Since then, Toll has revised its deal with Richard Branson over what will happen to Patrick’s 62% stake in Virgin Blue if Toll’s takeover succeeds. Previously, Toll and Branson had agreed that Branson’s Virgin Group, which already owns 25%, would pick up enough additional shares to make it Virgin Blue’s largest shareholder. Some of Patrick shares then would be sold publicly, and Toll would keep about 20%.
Toll and Branson have now abandoned this plan and agreed instead to agree later on how to divide up the Patrick holding. Several things caused this change.
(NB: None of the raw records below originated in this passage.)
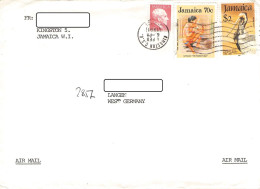 JAMAICA - AIR MAIL 1991 - LANGEN/DE / 1262 - Jamaica (1962-...)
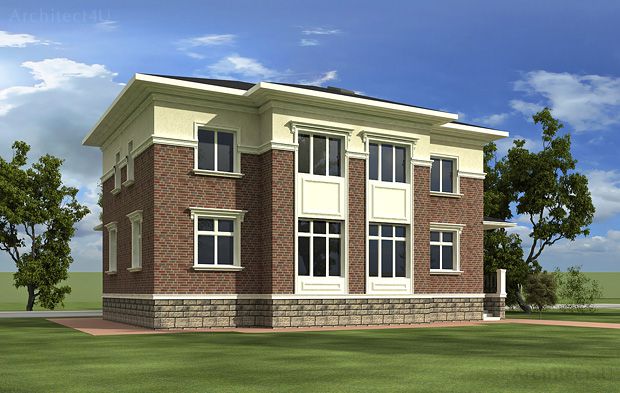 вид со стороны участка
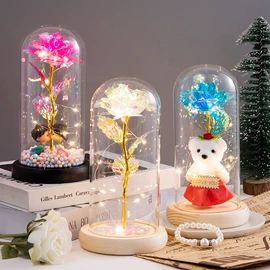 鲜花花艺制品;香皂花;永生花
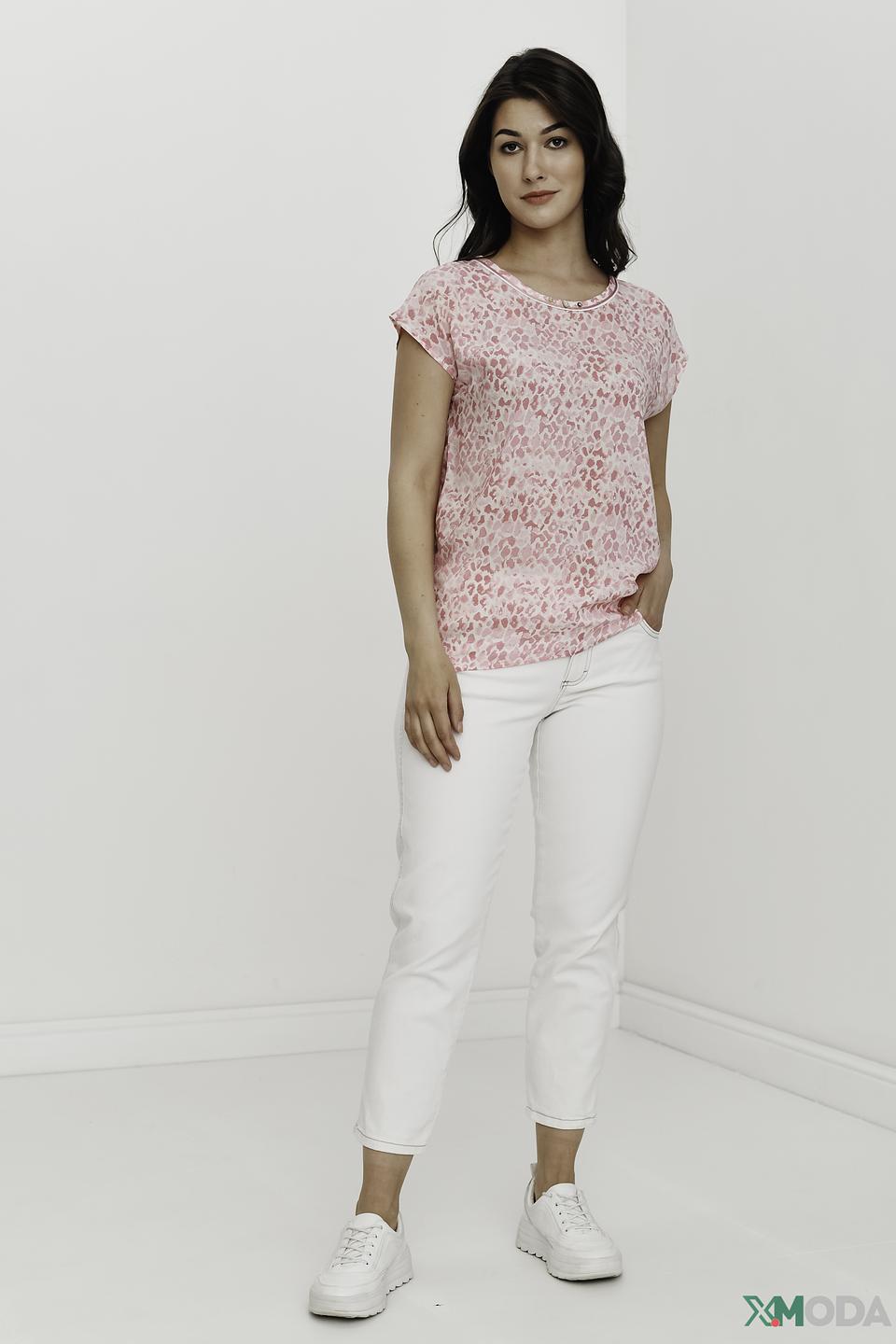 Джинсы Angels укороченные белые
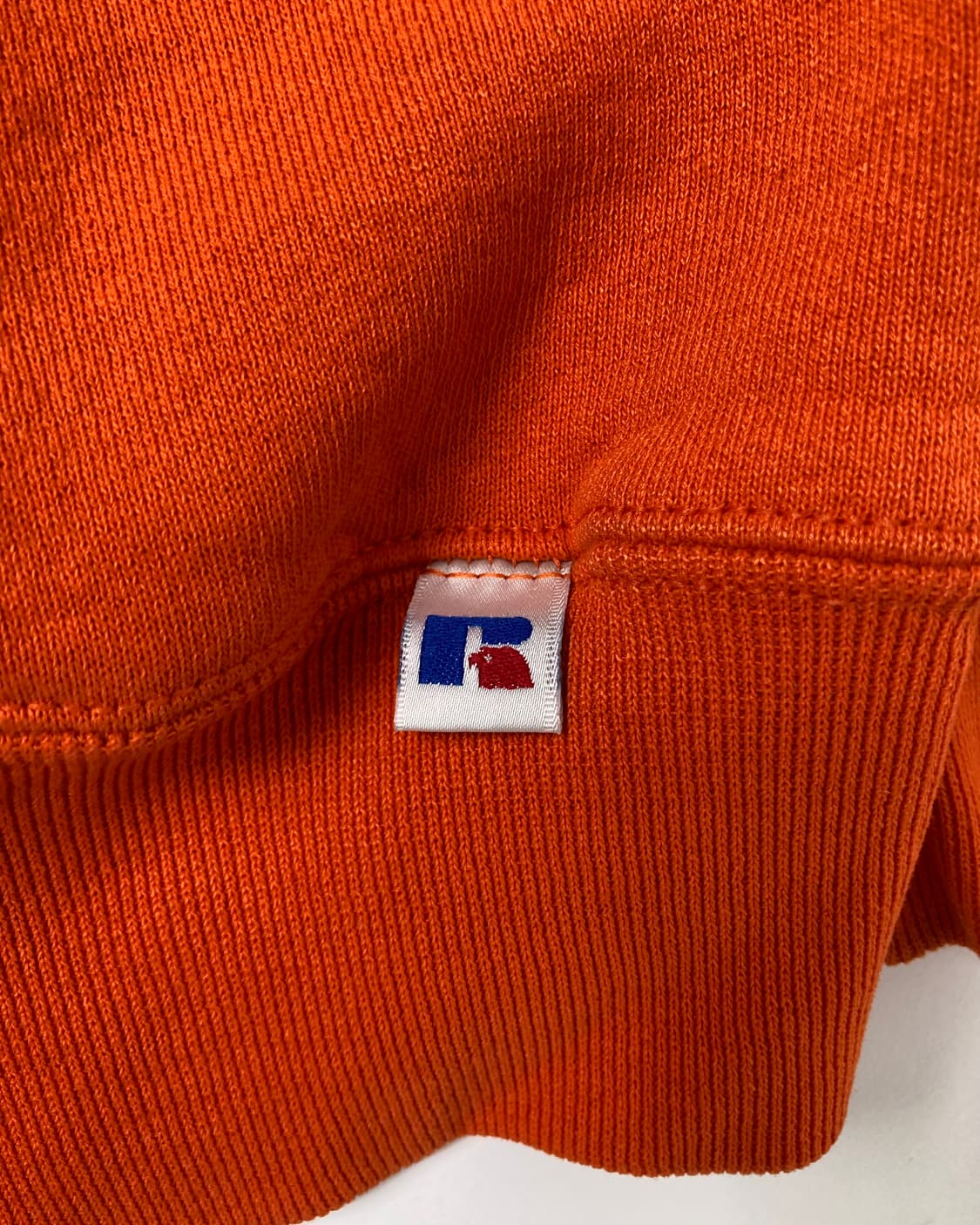 90s Russell Sweatshirt (burnt orange) 상품이미지5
Foremost, Toll wanted to simplify its bid for Patrick. Moreover, the value of Virgin Blue’s shares has climbed 35% since this battle started. Toll and Branson seem reluctant to lock themselves into a formula without knowing its price.
How closely Toll and Branson’s interests coincide is unclear. Branson says he only wants a large enough stake in Virgin Blue “to take a more active role in its strategic direction”.
Conversely, Toll’s chief executive Paul Little says Toll is interested in Virgin Blue only as a way to promote air cargo, and does not need a major stake to do that.
Finally, both Branson and Toll both want more liquidity in Virgin Blue’s shares. At present, less than 20% are publicly traded. More of Patrick’s shares will need to be sold to boost that.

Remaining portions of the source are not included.